The BBC in its annual report for 2015-16, published on Tuesday, once again touted the success of big dramas and other shows as its bottom line improved.
The U.K. public broadcaster, led by director general Tony Hall, reported its results for the fiscal year ended March 2016, with Hall lauding the success of such shows as War and Peace, The Night Manager and The Great British Bake Off, among others.
"Those viewing BBC television are increasingly rating it as 'fresh and new,’ " found the BBC Trust, the governing body of the broadcaster. "However, there remains a performance gap in the public’s broader view of the BBC in this respect, and qualitative research we undertook...suggests that there is still a public appetite for the BBC to take more risks in its programming and offer more original and innovative content.”
The BBC's bottom line for the latest fiscal year amounted to $77.7 million (£59 million), including a £96 million gain from a real estate sale, compared to a deficit of £125.2 million in the previous fiscal year.
The BBC's revenue of $6.36 billion (£4.83 billion) compared with £4.81 billion in the previous year. That included license fee revenue of $4.92 billion (£3.74 billion), in line with the pounds result for the previous fiscal year. Total operating costs declined from £4.90 billion to £4.80 billion, or $6.32 billion.
BBC Worldwide, the commercial arm of the broadcaster, reported a full-year profit of $176.3 million (£133.8 million), down 3.5 percent from £138.6 million in the previous fiscal year. Excluding the effects of the sale of a stake in BBC America, underlying profit was up 4 percent. BBC Worldwide revenue of $1.36 billion (£1.03 billion) compared with £1.0 billion in the previous year, up 2.8 percent, or 6.7 percent in underlying growth when adjusted for the part sale of BBC America to AMC Networks.
"Sherlock: The Abominable Bride became the top-selling title of the year and was licensed to 216 territories," according to BBC Worldwide.
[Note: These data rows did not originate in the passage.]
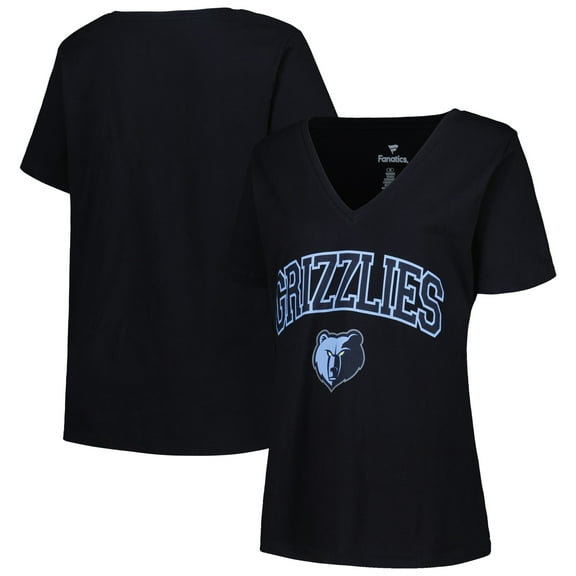 Women's Profile Black Memphis Grizzlies Plus Size Arch Over Logo V-Neck T-Shirt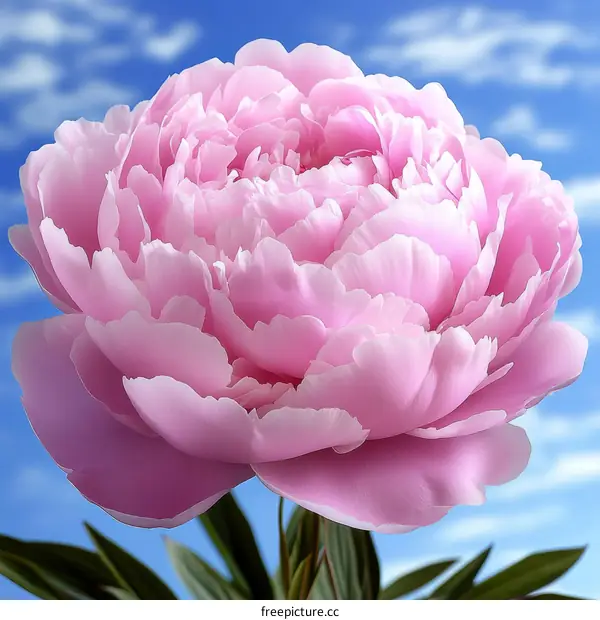 Close-up of a Beautiful Pink Peony Flower against a Sky Background
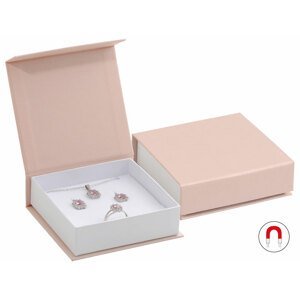 JK Box Pudrově růžová dárková krabička na soupravu šperků VG-5/A5/A1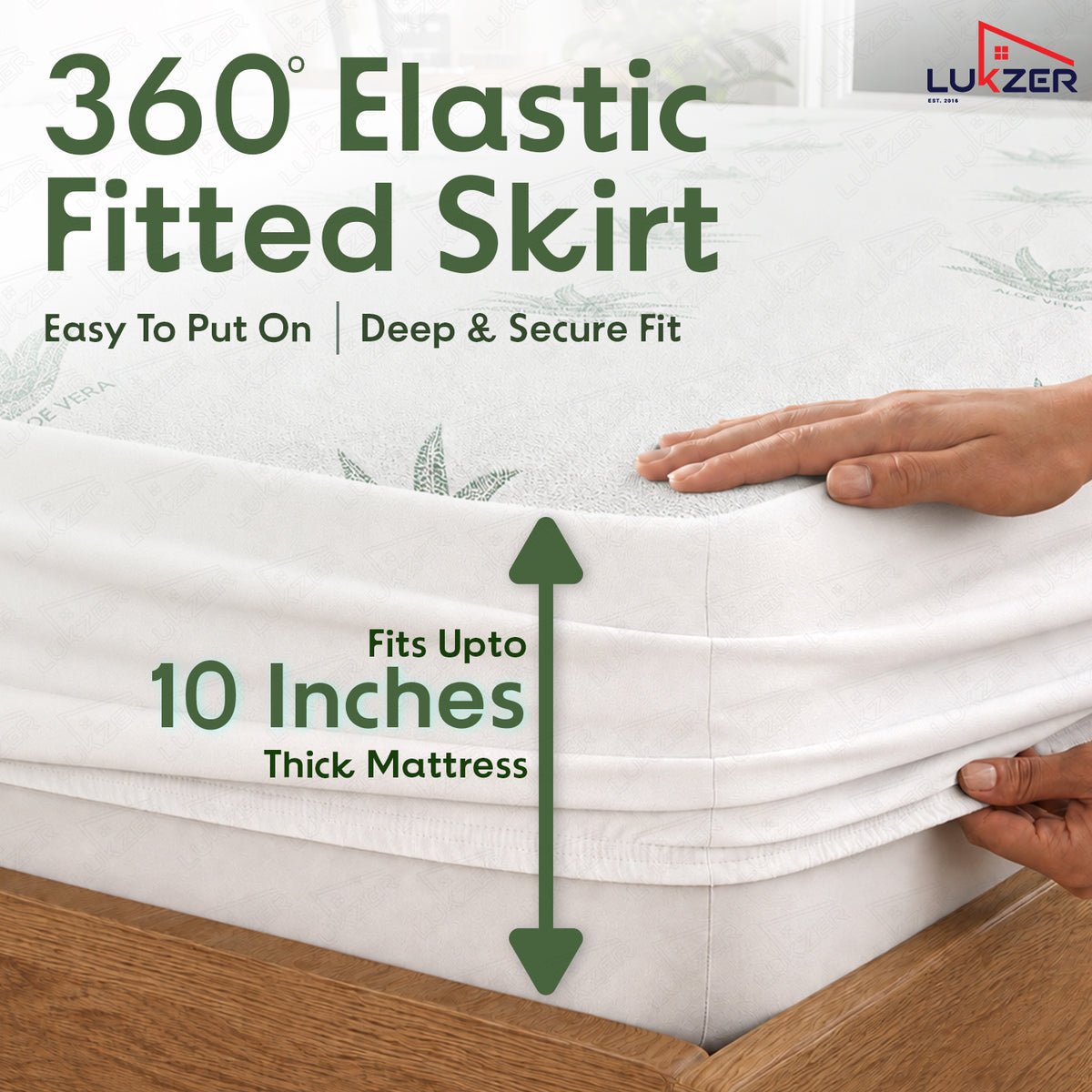 Lukzer 100% Waterproof Natural Aloe Vera Mattress Protector/Mattress Cover
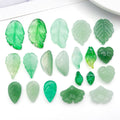 Assorted Green Glass Leaf Charms in Multiple Shapes and Finishes view 1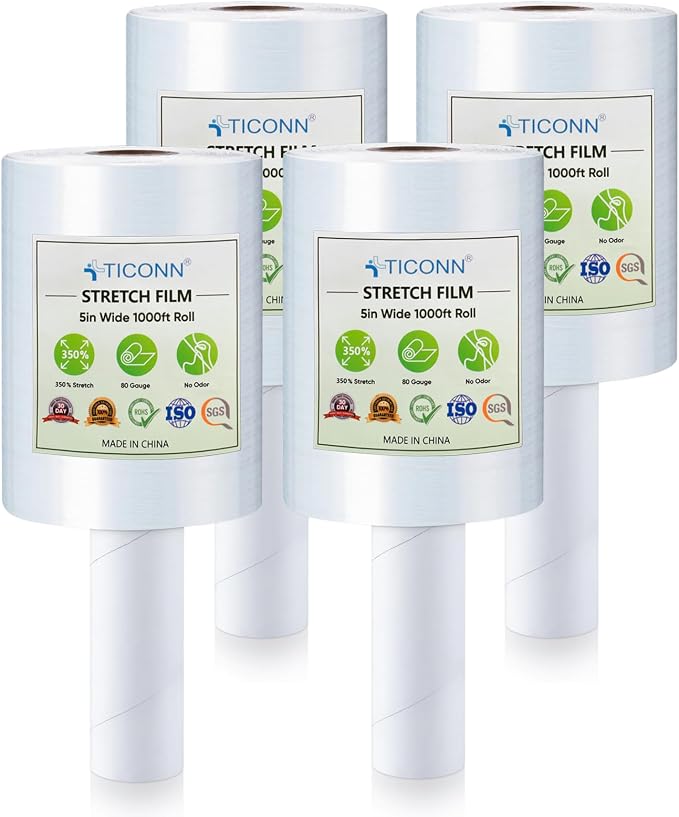 TICONN Stretch Wrap Roll, 5 in x 1000 ft Plastic Wrap for Moving Furniture | Odorless Industrial Strength Stretch Film, 350% Stretchability, Self-Adhering, Ideal for Furniture, Box Protection by TICONN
Said BBC Trust chair Rona Fairhead: “This year, the BBC has delighted, engaged and informed audiences with high-quality and distinctive content while continuing to drive down costs, although reaching younger audiences and those in all the U.K.’s nations remains an important challenge. The public have been clear they want a strong, independent BBC and they have no appetite for fundamental changes to it; their views must be reflected as the new charter [that the BBC operates under] is finalized, and the new BBC board must ensure that the public’s voice continues to be at the heart of decisions.”
Said Hall: “Off air we’ve made progress in making the BBC a simpler and leaner organization that focuses more of our spend on making content. Next year I want us to go further and build on the stability a new charter gives us to serve the whole of the U.K. with programs that are distinctive, innovative and trusted.”
Hall also said: "Alongside our creative success this year we now also have certainty over the BBC’s future. The debate about the renewal of the BBC’s charter has taken place over this year and the result has been a government white paper, published in May 2016, that backs a strong, world-class BBC."
He added: "Above the noise and debate of the last 12 months, I’m convinced that it’s the quality of our programs and services that people care about most. It’s our creativity and editorial ambition on-screen and on-air that make the case for the BBC.... I strongly believe that the BBC’s best days are ahead of us, and that’s what I’ve been fighting for throughout the year."